→ EXERCISE:
Look through the data below for the line with "прущая мука Ликино-Дулёво" and the line with "Старец Силуан Афонский4K", then output those two and all lines in between, exactly as written.
"""
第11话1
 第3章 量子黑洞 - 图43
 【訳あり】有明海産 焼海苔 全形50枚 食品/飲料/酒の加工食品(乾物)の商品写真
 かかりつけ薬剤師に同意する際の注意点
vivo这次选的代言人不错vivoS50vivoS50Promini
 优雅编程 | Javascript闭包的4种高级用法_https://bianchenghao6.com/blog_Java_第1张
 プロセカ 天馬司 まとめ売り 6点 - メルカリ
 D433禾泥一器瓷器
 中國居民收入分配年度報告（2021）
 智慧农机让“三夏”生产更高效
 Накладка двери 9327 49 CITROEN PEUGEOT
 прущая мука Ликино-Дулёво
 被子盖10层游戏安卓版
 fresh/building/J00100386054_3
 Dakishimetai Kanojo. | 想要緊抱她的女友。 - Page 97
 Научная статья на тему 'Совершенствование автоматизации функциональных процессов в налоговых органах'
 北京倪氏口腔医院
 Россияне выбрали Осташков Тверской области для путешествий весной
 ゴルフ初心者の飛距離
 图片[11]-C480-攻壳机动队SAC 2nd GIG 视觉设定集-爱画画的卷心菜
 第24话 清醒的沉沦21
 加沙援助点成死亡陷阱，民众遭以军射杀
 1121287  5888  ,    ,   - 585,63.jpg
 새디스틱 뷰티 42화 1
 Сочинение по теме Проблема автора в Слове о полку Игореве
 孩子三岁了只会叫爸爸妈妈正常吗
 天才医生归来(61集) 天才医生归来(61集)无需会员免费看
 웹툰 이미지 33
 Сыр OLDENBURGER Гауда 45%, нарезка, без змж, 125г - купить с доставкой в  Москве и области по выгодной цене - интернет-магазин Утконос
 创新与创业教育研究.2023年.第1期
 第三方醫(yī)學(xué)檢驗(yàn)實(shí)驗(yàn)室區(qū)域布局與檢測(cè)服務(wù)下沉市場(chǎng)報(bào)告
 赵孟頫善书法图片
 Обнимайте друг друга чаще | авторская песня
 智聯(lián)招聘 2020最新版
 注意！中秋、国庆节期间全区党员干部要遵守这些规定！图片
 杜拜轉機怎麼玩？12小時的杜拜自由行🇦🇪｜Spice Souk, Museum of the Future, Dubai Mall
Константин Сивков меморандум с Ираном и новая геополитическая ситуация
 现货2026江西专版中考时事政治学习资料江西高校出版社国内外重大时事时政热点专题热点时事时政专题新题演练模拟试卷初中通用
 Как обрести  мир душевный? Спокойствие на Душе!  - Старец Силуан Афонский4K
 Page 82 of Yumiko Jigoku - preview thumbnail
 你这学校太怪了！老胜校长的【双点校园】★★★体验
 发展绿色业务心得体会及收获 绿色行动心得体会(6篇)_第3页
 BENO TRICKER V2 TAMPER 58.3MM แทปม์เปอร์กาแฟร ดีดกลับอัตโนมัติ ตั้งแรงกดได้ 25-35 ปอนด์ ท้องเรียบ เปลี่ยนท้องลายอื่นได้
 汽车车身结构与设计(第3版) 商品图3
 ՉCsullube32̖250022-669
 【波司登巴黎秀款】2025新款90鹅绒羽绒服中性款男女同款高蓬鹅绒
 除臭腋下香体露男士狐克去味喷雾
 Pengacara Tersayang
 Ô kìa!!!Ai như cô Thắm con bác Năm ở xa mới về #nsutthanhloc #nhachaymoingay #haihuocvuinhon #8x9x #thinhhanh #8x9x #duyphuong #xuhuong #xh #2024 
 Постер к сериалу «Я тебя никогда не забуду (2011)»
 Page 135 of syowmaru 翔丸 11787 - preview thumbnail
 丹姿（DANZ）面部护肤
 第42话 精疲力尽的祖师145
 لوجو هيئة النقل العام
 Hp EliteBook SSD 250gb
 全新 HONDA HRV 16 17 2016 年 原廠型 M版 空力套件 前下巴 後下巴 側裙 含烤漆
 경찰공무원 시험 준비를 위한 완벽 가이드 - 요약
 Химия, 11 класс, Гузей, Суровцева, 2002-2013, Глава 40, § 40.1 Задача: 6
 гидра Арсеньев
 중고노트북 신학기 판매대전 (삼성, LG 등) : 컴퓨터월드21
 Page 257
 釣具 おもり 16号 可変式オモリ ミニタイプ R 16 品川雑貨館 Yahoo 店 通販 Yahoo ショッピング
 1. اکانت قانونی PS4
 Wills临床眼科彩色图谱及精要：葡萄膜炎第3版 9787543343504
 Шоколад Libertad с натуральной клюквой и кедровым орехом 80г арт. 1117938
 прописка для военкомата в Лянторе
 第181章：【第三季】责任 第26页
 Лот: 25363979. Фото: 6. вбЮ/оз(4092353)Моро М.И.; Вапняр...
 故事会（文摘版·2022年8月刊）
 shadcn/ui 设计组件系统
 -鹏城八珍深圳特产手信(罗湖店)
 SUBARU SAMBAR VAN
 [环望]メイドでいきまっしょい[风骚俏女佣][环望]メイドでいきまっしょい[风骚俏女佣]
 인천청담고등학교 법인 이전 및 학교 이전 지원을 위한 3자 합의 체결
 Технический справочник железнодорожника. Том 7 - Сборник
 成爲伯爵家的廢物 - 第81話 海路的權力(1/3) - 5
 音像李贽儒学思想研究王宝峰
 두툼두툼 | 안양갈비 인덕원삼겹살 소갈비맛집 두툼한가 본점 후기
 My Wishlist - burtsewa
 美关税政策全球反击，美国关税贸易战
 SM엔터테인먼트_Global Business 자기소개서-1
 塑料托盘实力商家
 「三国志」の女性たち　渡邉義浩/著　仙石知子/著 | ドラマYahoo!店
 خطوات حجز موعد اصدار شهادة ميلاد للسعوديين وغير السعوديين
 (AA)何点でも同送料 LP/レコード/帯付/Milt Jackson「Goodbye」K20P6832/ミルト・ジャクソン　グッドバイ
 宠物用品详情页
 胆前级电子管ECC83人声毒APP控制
"""
→ RESPONSE FOR THIS EXERCISE:
 прущая мука Ликино-Дулёво
 被子盖10层游戏安卓版
 fresh/building/J00100386054_3
 Dakishimetai Kanojo. | 想要緊抱她的女友。 - Page 97
 Научная статья на тему 'Совершенствование автоматизации функциональных процессов в налоговых органах'
 北京倪氏口腔医院
 Россияне выбрали Осташков Тверской области для путешествий весной
 ゴルフ初心者の飛距離
 图片[11]-C480-攻壳机动队SAC 2nd GIG 视觉设定集-爱画画的卷心菜
 第24话 清醒的沉沦21
 加沙援助点成死亡陷阱，民众遭以军射杀
 1121287  5888  ,    ,   - 585,63.jpg
 새디스틱 뷰티 42화 1
 Сочинение по теме Проблема автора в Слове о полку Игореве
 孩子三岁了只会叫爸爸妈妈正常吗
 天才医生归来(61集) 天才医生归来(61集)无需会员免费看
 웹툰 이미지 33
 Сыр OLDENBURGER Гауда 45%, нарезка, без змж, 125г - купить с доставкой в  Москве и области по выгодной цене - интернет-магазин Утконос
 创新与创业教育研究.2023年.第1期
 第三方醫(yī)學(xué)檢驗(yàn)實(shí)驗(yàn)室區(qū)域布局與檢測(cè)服務(wù)下沉市場(chǎng)報(bào)告
 赵孟頫善书法图片
 Обнимайте друг друга чаще | авторская песня
 智聯(lián)招聘 2020最新版
 注意！中秋、国庆节期间全区党员干部要遵守这些规定！图片
 杜拜轉機怎麼玩？12小時的杜拜自由行🇦🇪｜Spice Souk, Museum of the Future, Dubai Mall
Константин Сивков меморандум с Ираном и новая геополитическая ситуация
 现货2026江西专版中考时事政治学习资料江西高校出版社国内外重大时事时政热点专题热点时事时政专题新题演练模拟试卷初中通用
 Как обрести  мир душевный? Спокойствие на Душе!  - Старец Силуан Афонский4K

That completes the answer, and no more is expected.